We had our son and then 13 months after we had another son. 
TO THE POINT:
When we seperated he said that he felt it would be the best thing for us to do at this point even if its only temporary and that he needed time to think. We have talked about things once since then (besides bills, banking, kids, ect) and he said that he is confused. When I asked him about what he said that he is not sure how he feels about the way things are and that he is relieved that some stress is gone but misses me and the kids. I told him I understood and asked what he wanted now in broad terms for our relationship. He said that he honestly wasn't sure. He said that he wasn't ready to get married when we did and that he felt like i was someone that he could marry and be happy with but he doesn't know when the right time would have been, if ever. When I asked about what he meant by "if ever" he said if ever him. He said marriage is difficult for him and he doesn't understand why. He said that he has considered divorce and he has thought about how it would affect me, him, and especially the kids, but he doesn't know what to do. He thinks divorce would make it easier for him and when I ask how he said that he didn't want to sound like an a-hole or that he doesn't care. He said it's hard to explain but he wants to do what he wants, when he wants, and for the most part without hoaving to get permission to do it. He reminded me that he was 28 before we got married and that was a long time of being on your own and he doesn't think he can ever change the desire to be on his own. He said he is not a social person and that he doesn't always want to be around someone at home.
I am so hurt and disoriented right now, I want to support him, but I need some help understanding all of this. I know there are more things that we are going to have to work through if we stay together (like the website stuff), but right now I just need some advice on what to do about this situation.


----------



## Deejo (May 20, 2008)

Here is what he is confused about:

Whether or not he still wants you for a partner. Something is missing, or something has fled the relationship - which in turn means that it is highly likely that another part of his 'confusion' is that he has feelings for another woman.
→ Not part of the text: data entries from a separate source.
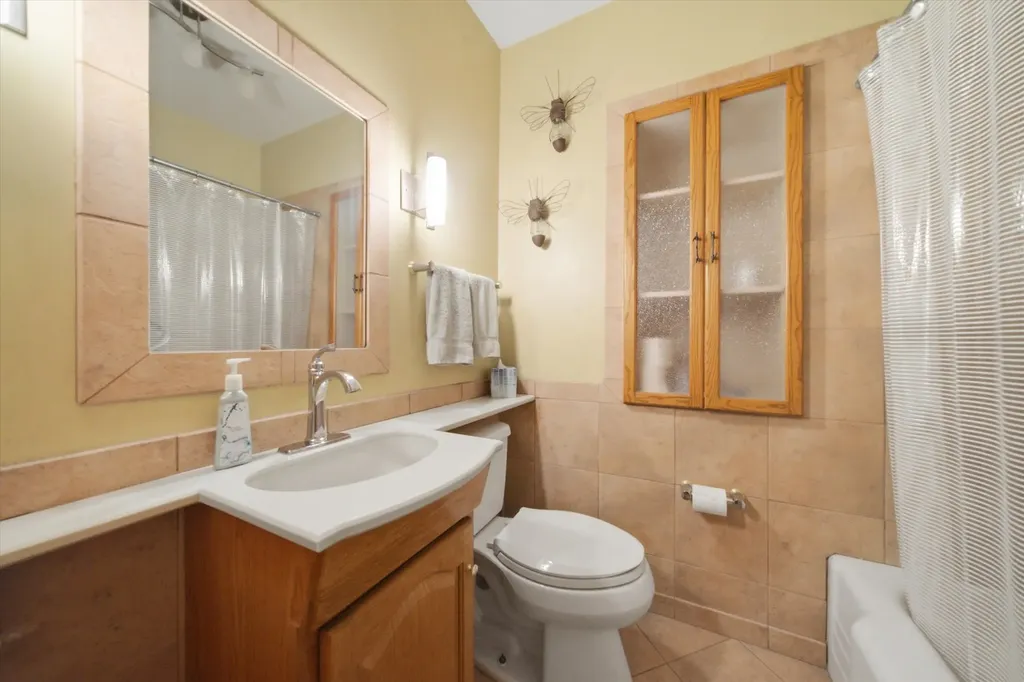 3044 North Octavia Avenue Chicago IL 60707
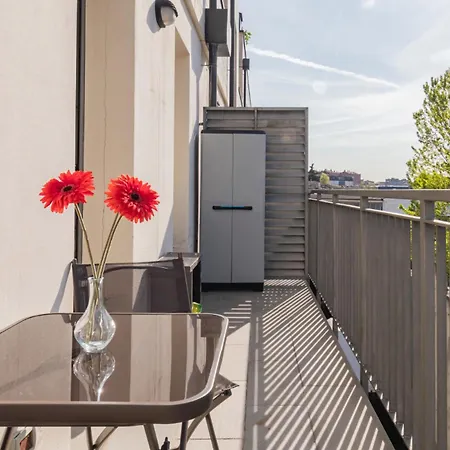 Xenia - Cozy 10 Min From Linate Milán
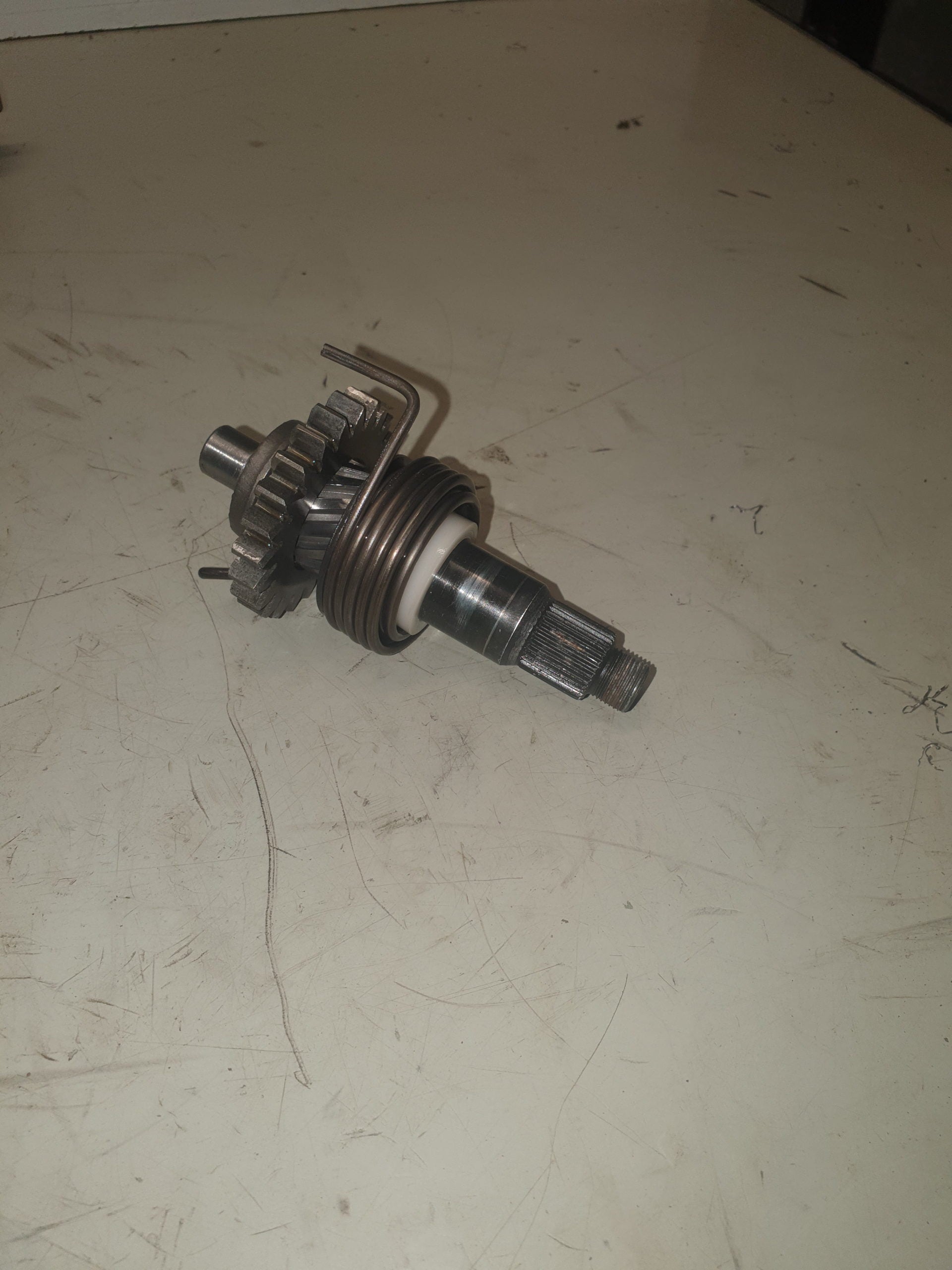 axe de kick yamaha 125 dtr 3MB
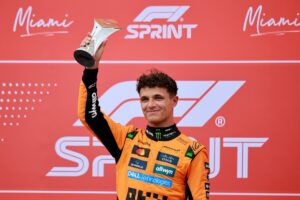 Lando Norris Miami GP Sprint Oscar Piastri Lewis Hamilton Safety car
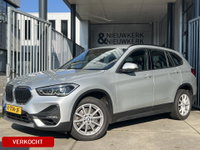 BMW X1 - sDrive20i Executive Edition | AUTOMAAT | TREKHAAK | HEAD-UP DISPLAY | NAVI XL | CRUISE CONTROL | PDC | LMV | CLIMATE CONTROL | BLUETOOTH | LED | DAB | ELEKTR. ACHTERKLEP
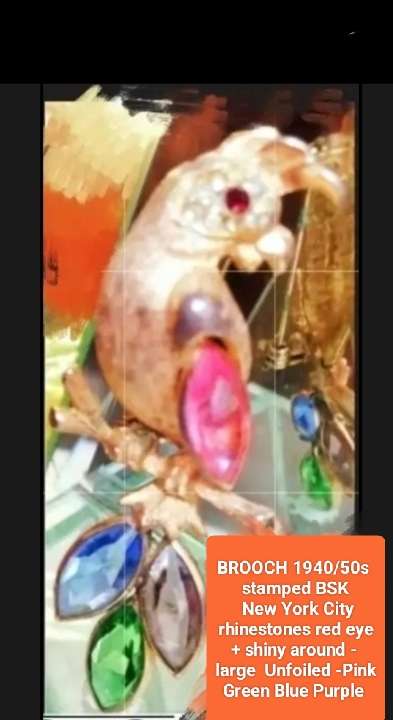 RARE BSK Parrot Crystal eyes -unfoiled 1940/1950 BROOCH Quality costume Jewellery New York City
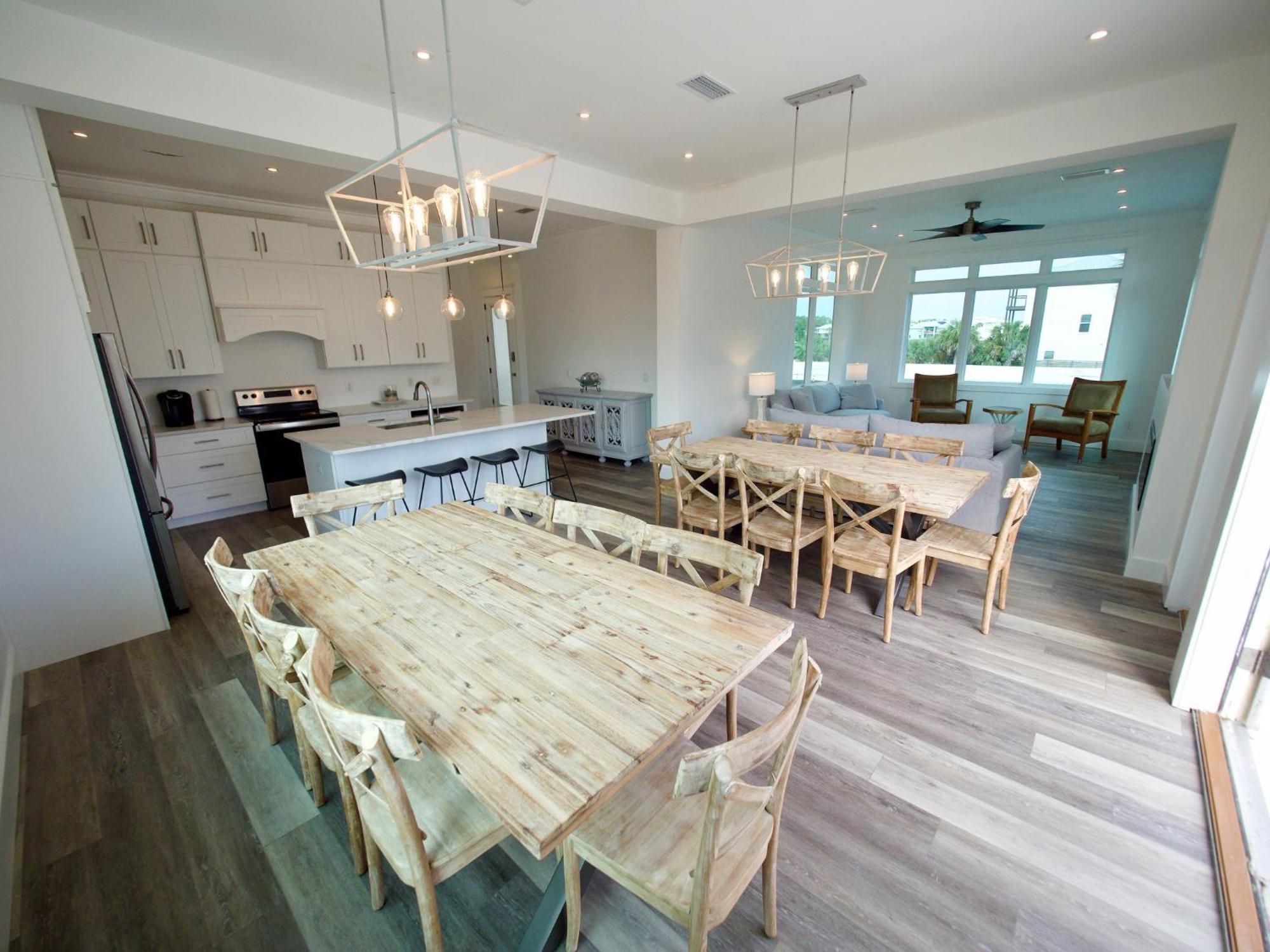 Apartment 3 Bedroom Catalina Townhome With Rooftop Deck Great Oceanviews, Steps To Panama City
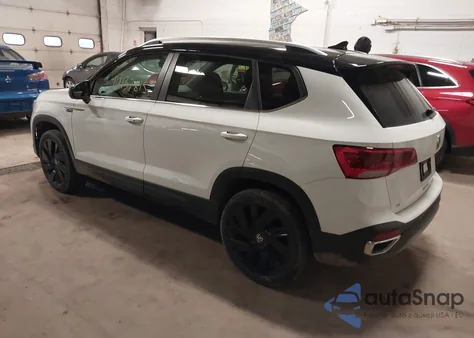 2024 Volkswagen Taos 1.5T Se из США, поврежденный, VIN 3VVVX7B23RM053232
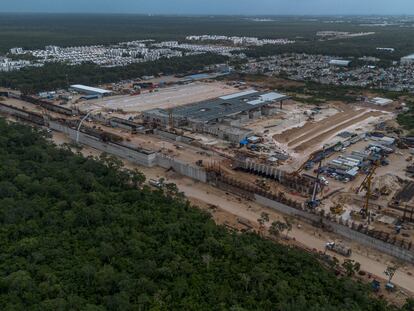 Vista aérea de los trabajos de construcción de la estación del Tren Maya en Playa del Carmen. Enero de 2024.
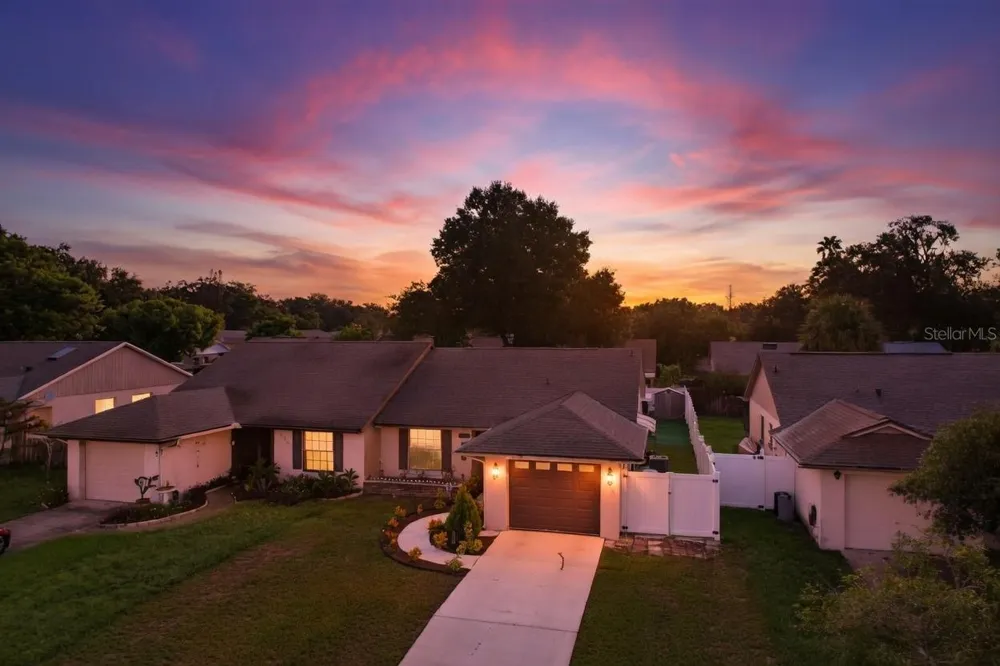 2483 LONG MEADOW WAY Orlando, FL 32817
Don't bother to ask. He'll deny it. They all do, whether male or female.

Ask him what he wants from a relationship. Not YOUR relationship ... A relationship. You should be able to get a sense of where the two of you stand based on that.


----------



## steph78 (Jun 2, 2011)

That's the problem- i am not sure he wants ANY relationship. I think he is happy with himself, by himself and let's face it there is a great high in meeting new people and having new experiences with them. 
I thought that since he had been single for such a time and been out there in the field, that he wouldn't resent "missing out" on stuff. Instead, he thinks he wants that life back? why? because it's easier-that to me is a cowardly way of saying "you and my family aren't worth my efforts."
I know that i am biased in all of this, but i want to scream at the reality of it all.


----------



## 2xloser (May 8, 2011)

So you know where he stands. 
Given that, where do you stand? 
Hopefully not as his doormat to come and go as he pleases, or to have him take his time "deciding what he wants". He's told you. 
Sorry to be a little harsh, but I don't know why you'd stick around or support him beoyond what is necessary for the kids. He's already decided what he doesn't want, and it's you and your family. 
Also, I agree with Deejo, high, high likelihood there's another woman in play. It's 180 time, but likely he'll choose to stay away. Damn shame; I'm sorry for you.


----------



## Jellybeans (Mar 8, 2011)

steph78 said:


> A LITTLE HISTORY,
> We met online (not on a dating site, just a random encounter)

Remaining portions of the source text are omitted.